Lighting Control

Why Does One Need A Lighting Control System?

One-button Control

The number one reason is the all-off button, whereby the homeowner is able to turn off all the lights in the house with the touch of a single button. The command can also be tied into other aspects of the home, such as a whole-house audio system, which the owner may wish to shut down at the same time as the lighting within the home.

Simplicity

One button may control many functions simultaneously. For example, the owner can create scenes, which are groupings of lights that are pre-set in a coordinated manner. Scenes may also involve other aspects of the home such as drapes or audio/video systems through the use of a home integration system.

Atmosphere

Most people recognize that lighting is crucial in setting the mood of a room or area of the home. Lighting control systems allow residents to set precise levels for accent and task lighting, as well as ambiance, so that these settings may be called up quickly and easily depending on the activity planned for the space, in accordance with one’s interest or desire.

Visual Aesthetics

Initially, lighting in the home was just a single point in the ceiling. Eventually sconces came into vogue, followed by recessed lighting, which resulted in many more switches on walls. A lighting control system eliminates the wall clutter of these multi-gang switches which can intrude on a design scheme.

Security

Special lighting control scenes can be triggered by an alarm system. By pressing one button on the lighting keypad (or an alarm trip), one can have all the lights go into a flashing mode so that police can see which house on the street is having trouble. Also, the homeowner is able to turn on all the exterior lights with the press of a single button flooding the entire perimeter of the home with light. In addition, one could have all the interior lights come on at once at full brightness.


Saving Energy

Few people realize that by dimming incandescent lights by ten percent, one is able to double the lamp life of the bulbs (as well as save ten percent in energy cost). Dimming by 25 percent increases lamp life by four times (saving 20 percent in electricity); and dimming by 50 percent boosts lamp life by twenty times (while saving 40 percent energy). A ten percent reduction in light level is not detected by the human eye, which perceives the light at full brightness. This is important for areas such as a room with high ceilings.

Activities (or Scenes)

It is important that architects, lighting designers, and homeowners understand the concept of a lighting zone. A zone is any group of lights that work in unison; it is not an electrical circuit. For example, a zone could be two sconces in a dining room and a chandelier might be another zone. If there is recessed lighting, it could constitute a third zone. All three zones work independently, but the lighting control system can operate the three zones in unison.

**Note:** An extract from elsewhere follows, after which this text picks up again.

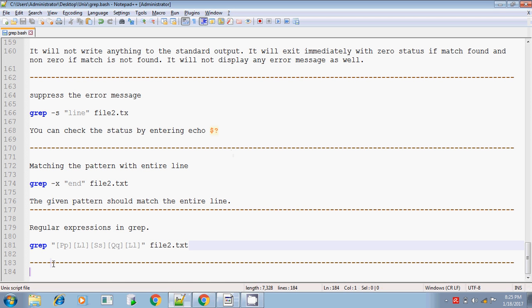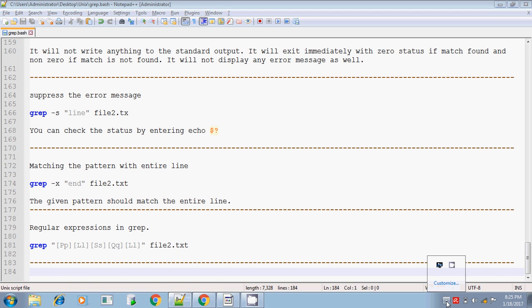And that's all about the grep command. We will discuss some other topic in the next session. Thanks for watching. Bye.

When we take these three zones and put them together, we create a scene. A scene is a group of zones (lights) which transition to preset levels at the push of one button. The scene is used to create a mood or functional lighting without the need to reset the level of each light every time. This could apply to a single light, or to hundreds of lights.

Scenes can also activate motorized drapes or shades, audio/video equipment, or other equipment in the home. By controlling drapes or shades, one is able to affect the lighting of the room, as well as act to protect fabrics, artwork, or other light-sensitive possessions.

Popular scenes include:

  • Entertaining - Lighting is used to enhance architectural and decorative elements of the home. Also, multi-level entertaining buttons are used to control variations or sequences of lighting for entertaining.
  • Movies - For watching movies, light levels are reduced sharply or else extinguished completely at the touch of a single button.
  • Elegant Dining - Lighting can be arranged in a series of settings to accent food presentation areas, adjust to candlelight, encourage conversation, and facilitate serving and cleanup.
  • Artwork Presentation - Old-fashioned clamp-on lamps fail to illuminate artwork properly. Today there are many fixtures that provide excellent lighting for hanging art, including some with bright halogen lamps.
  • Reading - Everybody has a favorite setting for reading. Lighting control systems separate settings for each individual, according to his/her preferences.